The average motorcycle is not as reliable compared to cars, and that is a well-known fact in the biking community. The biggest reason is that motorbikes have high revving engines, which are prone to damage from friction and heat buildup.
That’s why a motorcycle with 20,000 miles on the odometer is considered high mileage, whereas 100,000 miles or more on a car is regarded as heavy usage.
However, that’s not true of Harley Davidson motorcycles. The American motorbike company makes engines that rev between 5,000 to 6,000 RPMs, which brings them on par with cars in terms of wear.
Therefore, Harleys do not get as much wear and tear on the engine or its complementary parts as you would experience in other motorbikes. If your Harley has a problem, it’s usually due to a substandard aftermarket part or an unsolved manufacturing issue.
Cam Chain Tensioner Replacement Cost
The cam chain tensioner issue plagues some older Harley Davidson models. Fortunately, it is fixable, albeit the repair isn’t cheap. The spare parts alone cost between $400 to $800, and then you have to worry about labor costs.
It depends on your area and mechanic, but a ballpark figure for labor would be around $400 to $600. So in total, you could be spending between $800 to $1400 for cam chain tensioner replacement.
How Soon Is the Repair Needed?
Harley Davidson did not do a satisfactory job with the tensioner’s design in the initial models. As a result, bike owners suffered from cam tensioner issues, and such repairs were pretty common in the early days. The part would work well for 25k-30k miles and then malfunction.
The expensive repair would restore things for another few thousand miles, but the issue would resurface. So the engineers, back at the factory, soon came out with an easy fix. They developed a hydraulic tensioner that solved the previous issue.
The new Harley Davidson motorcycles came out with the hydraulic part, and not long after, similar replacement parts were produced for older HD motorbikes.
Trust a Mechanic or DIY?
As a motorcycle owner and riding enthusiast, you should know the ins and outs of your motorbike. That’s not necessary, but it always helps knowing more about it than the average joe.
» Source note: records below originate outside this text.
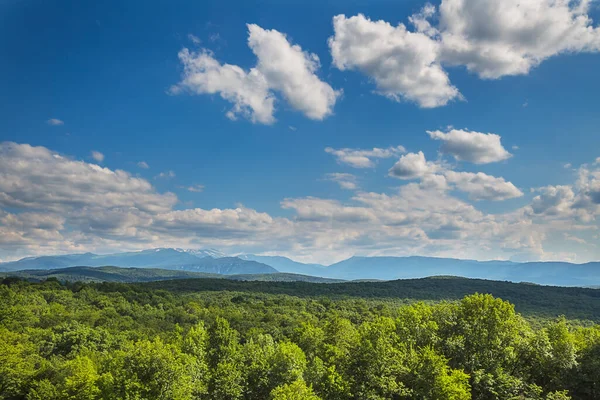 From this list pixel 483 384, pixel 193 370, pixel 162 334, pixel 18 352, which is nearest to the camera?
pixel 483 384

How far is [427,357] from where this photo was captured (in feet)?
137

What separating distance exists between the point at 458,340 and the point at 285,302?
13792 cm

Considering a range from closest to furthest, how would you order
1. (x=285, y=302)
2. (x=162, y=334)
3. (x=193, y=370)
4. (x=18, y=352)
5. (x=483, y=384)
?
(x=483, y=384) → (x=193, y=370) → (x=18, y=352) → (x=162, y=334) → (x=285, y=302)

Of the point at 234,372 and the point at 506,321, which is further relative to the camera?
the point at 234,372

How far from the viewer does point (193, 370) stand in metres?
49.2

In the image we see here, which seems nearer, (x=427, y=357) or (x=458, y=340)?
(x=427, y=357)

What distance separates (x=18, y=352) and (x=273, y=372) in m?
47.6

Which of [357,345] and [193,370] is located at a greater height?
[357,345]

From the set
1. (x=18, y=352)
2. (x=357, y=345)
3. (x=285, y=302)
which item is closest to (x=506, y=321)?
(x=357, y=345)

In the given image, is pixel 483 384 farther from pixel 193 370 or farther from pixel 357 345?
pixel 193 370

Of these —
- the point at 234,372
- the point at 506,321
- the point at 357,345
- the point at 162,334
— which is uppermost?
the point at 506,321

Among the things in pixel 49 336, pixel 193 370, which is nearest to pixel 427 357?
pixel 193 370

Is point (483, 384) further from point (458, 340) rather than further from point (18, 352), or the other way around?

So, if and when something goes wrong, you have a basic idea of how to approach the repair job.
However, knowing is one thing, and repairing is another, which is why DIY projects are not meant for everybody. It is advisable to pick up the tools and undo some nuts and screws only if you have some prior experience with the job or you have a manual/video guiding you every step of the way.
It is certainly a valuable way to spend your time, considering you would otherwise be spending $45-$50 and perhaps more on labor costs.
If you are the average enthusiast who puts more focus on the riding aspect than straining over repairs, then it is straight to the mechanic for you. The mechanics at a workshop are specially trained for repair jobs, and they have certifications to prove their merit. So, you can never go wrong with handing your bike over to them.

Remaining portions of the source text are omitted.